The effects of the four error parameters on availability were not the same. Table 3 presents the thresholds of the error parameters for meeting the requirement of LPV-200 at the eight IGS stations. Table 4 presents the order of error parameters based on sensitivity, which was computed by considering the reciprocal of the threshold magnitude when using the threshold magnitude to evaluate the importance of the effect of an error parameter on availability. However, there is an objective factor that we should consider: the base values of the four error parameters differed. To add information on the base values, we computed the ratio of the base values to the threshold. The order based on this factor is presented in Table 5.

Table 3.

Error parameter thresholds of meeting the availability requirement.

	URA (m)	URE (m)	Bias-Nom (m)	Bias-Max (m)
BJFS	5.52	4.56	4.80	3.08
CHAN	5.04	4.32	3.70	3.38
LHAZ	5.28	5.40	6.10	3.15
SHAO	5.52	5.40	5.50	3.23
TCMS	6.00	5.88	7.00	3.60
TWTF	6.00	5.88	6.70	3.60
URUM	5.52	5.64	5.80	3.68
WUH2	5.52	5.28	5.90	3.15

URA: user range accuracy; URE: user range error.

Table 4.

Order of magnitudes.

Order	Station
Bias-Max > URE > URA > Bias-Nom	BJFS, TCMS, TWTF, WUH2
Bias-Max > URA > URE > Bias-Nom	LHAZ, URUM
Bias-Max > URE > Bias-Nom > URA	SHAO
Bias-Max > Bias-Nom > URE > URA	CHAN

URA: user range accuracy; URE: user range error.

Table 5.

Order of factors.

Order	Station
URA > Bias-Max > URE > Bias-Nom	BJFS, LHAZ, SHAO, TCMS, TWTF, URUM, WUH2
URA > URE > Bias-Max > Bias-Nom	CHAN

URA: user range accuracy; URE: user range error.

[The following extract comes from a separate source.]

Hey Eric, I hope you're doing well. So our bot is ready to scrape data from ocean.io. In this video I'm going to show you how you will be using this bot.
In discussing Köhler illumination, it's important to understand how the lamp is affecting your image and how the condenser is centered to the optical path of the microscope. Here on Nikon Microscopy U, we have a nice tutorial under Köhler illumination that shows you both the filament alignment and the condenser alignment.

We assumed that the thresholds in Table 3 were a set of random samples. There is a strong interest in studying the sample variance of the parameters that describe the variation range of parameters at all stations. The variance of URA was 0.3255, that of URE was 0.5753, that of Bias-Nom was 1.0521 and that of Bias-Max was 0.2397. These results demonstrate that a change in geography had little effect on the thresholds of URA and Bias-Max and had a greater effect on the thresholds of URE and Bias-Nom.

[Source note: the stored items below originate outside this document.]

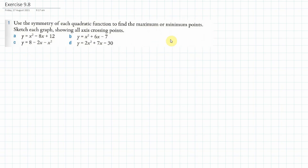Welcome IGCSE students. We're going to carry on today by using the completing the square method, and that's going to help us to find minimum and maximum points and sketch graphs.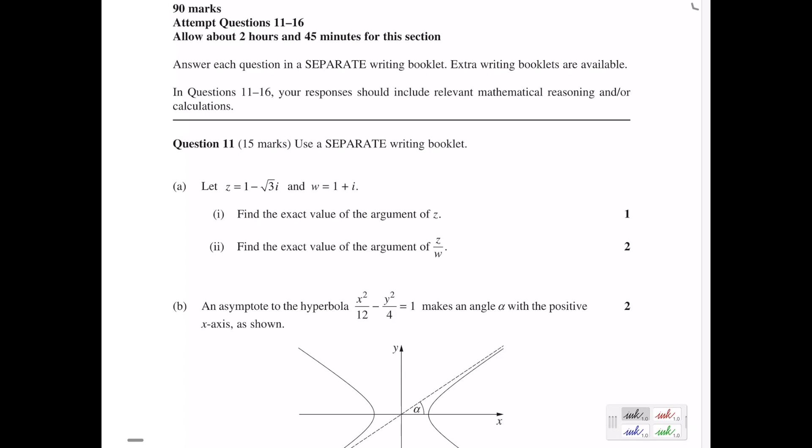Hey everyone. In this video we'll go through question 11 from the 2017 HSC Extension 2 Maths exam. Part A: let z equal 1 minus the square root of 3i, and w equal 1 plus i. Find the exact value of the argument of z.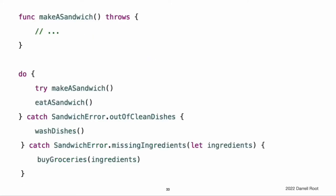Here is an example of how error handling can be used to respond to different error conditions. In this example, the makeASandwich function will throw an error if no clean dishes are available or if any ingredients are missing. Because makeASandwich can throw an error, the function call is wrapped in a try expression. By wrapping the function call in a do statement, any errors that are thrown will be propagated to the provided catch clauses. If no error is thrown, the eatASandwich function is called. If an error is thrown and it matches the SandwichError.outOfCleanDishes case, then the washDishes function is called. Throwing, catching, and propagating errors is covered in greater detail in Error Handling.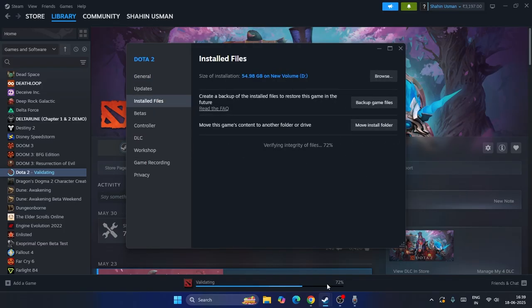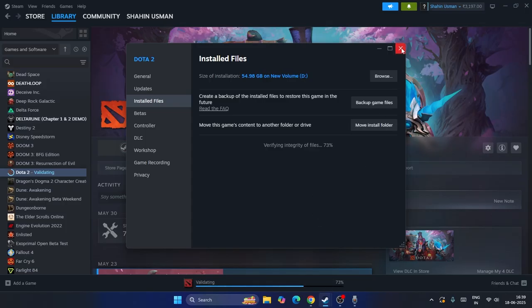Right now the verify integrity of game files is in process. Once this completes, most probably the issue will be completely fixed and that's what you have to try.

In addition to the four error parameters, the prior probability of a single satellite failure $P_{sat}$ affected ARAIM availability. As the geometric configuration improved and the number of visible satellites increased, the impact of $P_{sat}$ on ARAIM availability weakened, and the impact was difficult to observe when four GNSSs were used for ARAIM. To analyse the sensitivity of ARAIM availability to parameter $P_{sat}$ , the four error parameters were magnified 1.5-fold. The initial value of $P_{sat}$ was set to $10^{- 5}$ , and with the simulation running, the magnitude of parameter $P_{sat}$ was gradually increased by $10^{- 5}$ . Figure 11 shows the analysis of the sensitivity of ARAIM availability to parameter $P_{sat}$ . The decline in availability with increasing $P_{sat}$ was smaller than that for the error parameters. When $P_{sat}$ increased from $10^{- 5}$ to $10^{- 3}$ , the availability decreased by only 0.35%. However, the sensitivity of ARAIM availability to $P_{sat}$ was different at the eight IGS stations. The availability at the CHAN, Lhasa (LHAZ), Shanghai Obs (SHAO) and WUH2 stations was more sensitive than at the other stations, decreasing by 2.78%–3.5%. The availability at the BJFS and URUM stations decreased by 1.39%–1.74%. The availability at the TCMS and TWTF stations was slightly affected by parameter $P_{sat}$ and only decreased by 0.35%. The magnitude of the decrease was only 10% at the LHAZ, SHAO and WUH2 stations.

Figure 11.

Effect of $P_{sat}$ on availability.

Discussion of the ARAIM algorithm for a category III navigation service

The above analysis shows that the effect of URA on availability was important. Currently, the maximum value of URA is 2.4 m when satellites are in good repair. The magnitude of URA is expected to decrease with the future deployment of satellites, and ARAIM may therefore be used for more rigorous vertical navigation services. In this section, the feasibility of using ARAIM for Category III navigation services is discussed, with simulation data taken from the previous studies.^3,17

Table 6 presents real data (RD) from a satellite broadcast that has a real error level; predictive data 1 (PD1) were obtained from Kropp et al.¹⁷ for the predicted error magnitude of the GPS and Galileo, where we assume that the BDS and GLONASS have the same data as the GPS; predictive data 2 (PD2) were obtained from the previous report³ for the predicted error magnitude of the GPS, where we assume that the other GNSSs have the same data as the GPS.

Table 6.

Error parameters.

Error parameter	Constellation	URA	URE	Bias-Nom	Bias-Max
RD	GNSS	2.4	1.2	0.1	1
PD1	GPS	0.75	0.5	0	0.75
PD1	Galileo	1	0.67	0	1
PD2	GPS	0.5	0.25	0.1	0.75

URA: user range accuracy; URE: user range error; RD: real data; PD1: predictive data 1; PD2: predictive data 2.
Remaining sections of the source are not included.